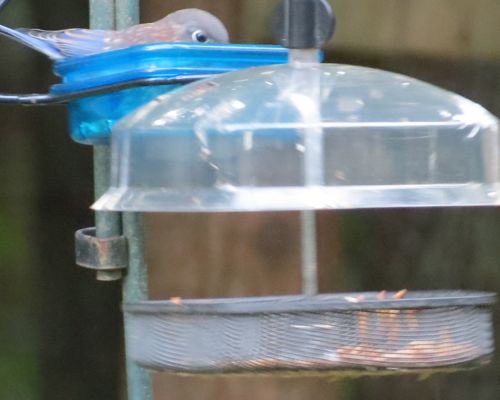 Mealworm feeders with juvenile bluebird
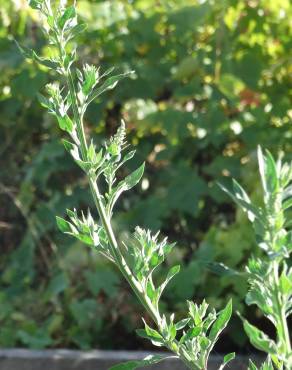 Fotografia 18 da espécie Chenopodium album var. album no Jardim Botânico UTAD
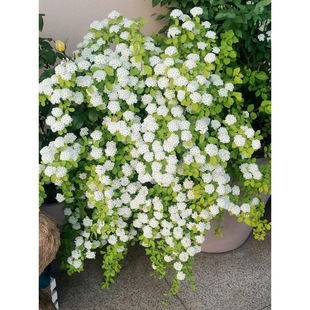 ���~��������������÷С�����ͺ��͟���B�����L��������ľ�Gֲ��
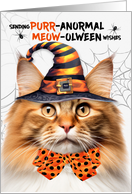 Red Norwegian Forest Halloween Cat PURRanormal MEOWolween card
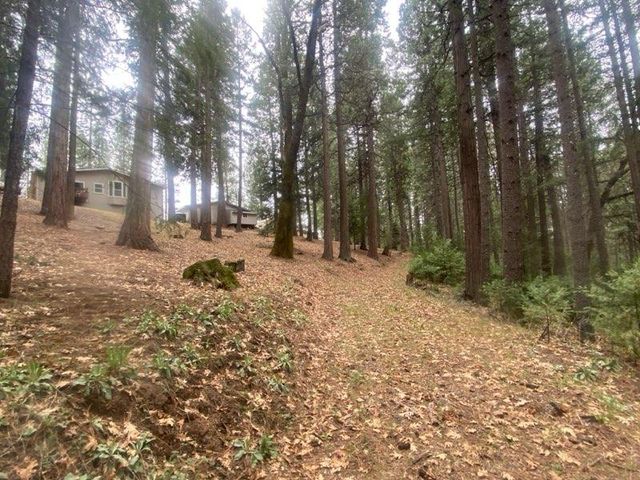 9427 Grizzly Flat Rd, Grizzly Flats, CA 95636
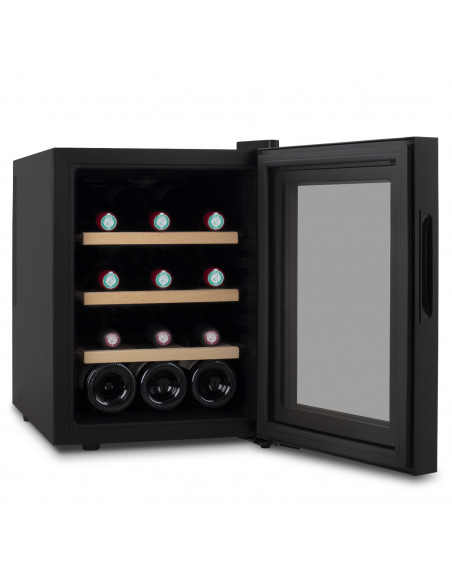 H.Koenig AGE12 - Refroidisseur à bouteille 12 bouteilles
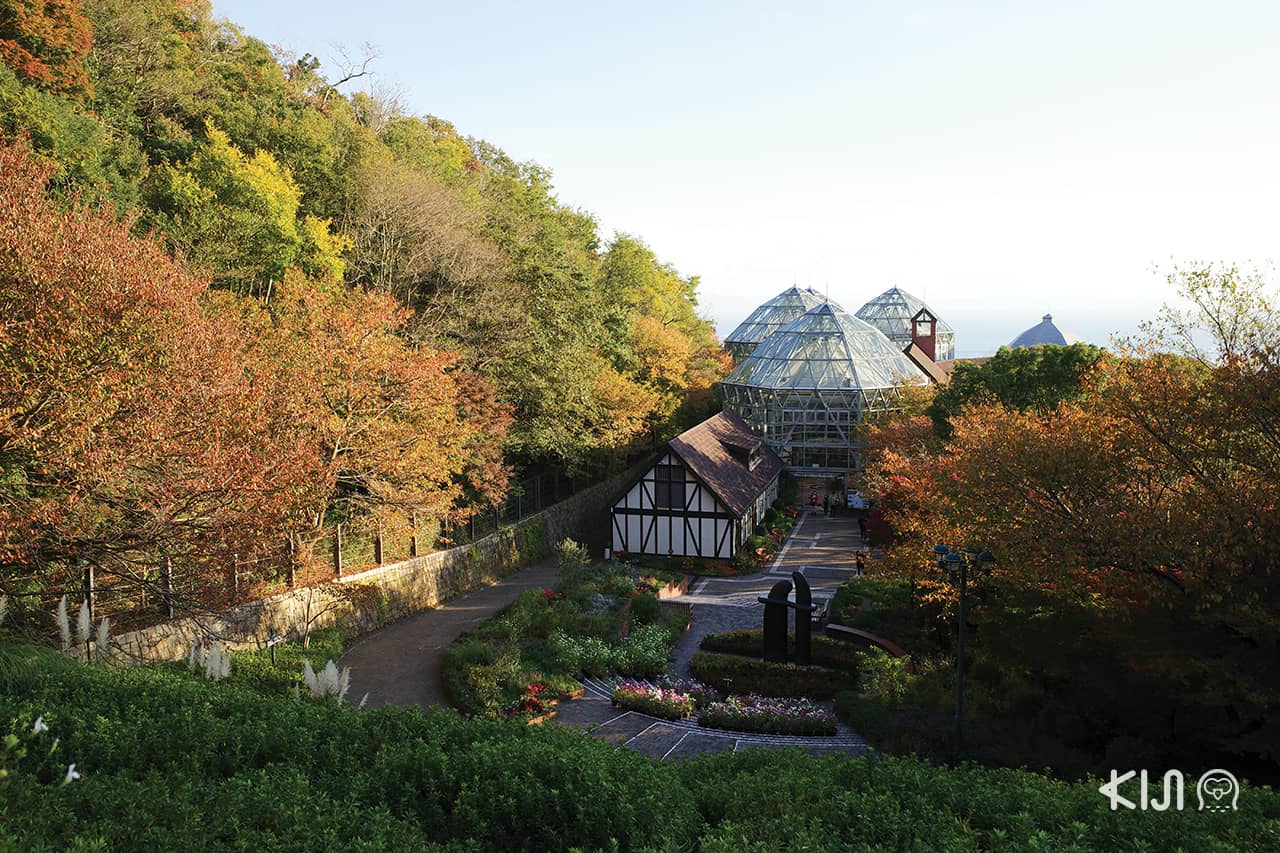 เที่ยว KOBE HIMEJI OTSU : Nunobiki Herb Garden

+ + + +

* [What the exercise asks]:
Give all entries again verbatim, without any images.

* [Solution to the problem]:
 Mealworm feeders with juvenile bluebird
 Fotografia 18 da espécie Chenopodium album var. album no Jardim Botânico UTAD
 ���~��������������÷С�����ͺ��͟���B�����L��������ľ�Gֲ��
 Red Norwegian Forest Halloween Cat PURRanormal MEOWolween card
 9427 Grizzly Flat Rd, Grizzly Flats, CA 95636
 H.Koenig AGE12 - Refroidisseur à bouteille 12 bouteilles
 เที่ยว KOBE HIMEJI OTSU : Nunobiki Herb Garden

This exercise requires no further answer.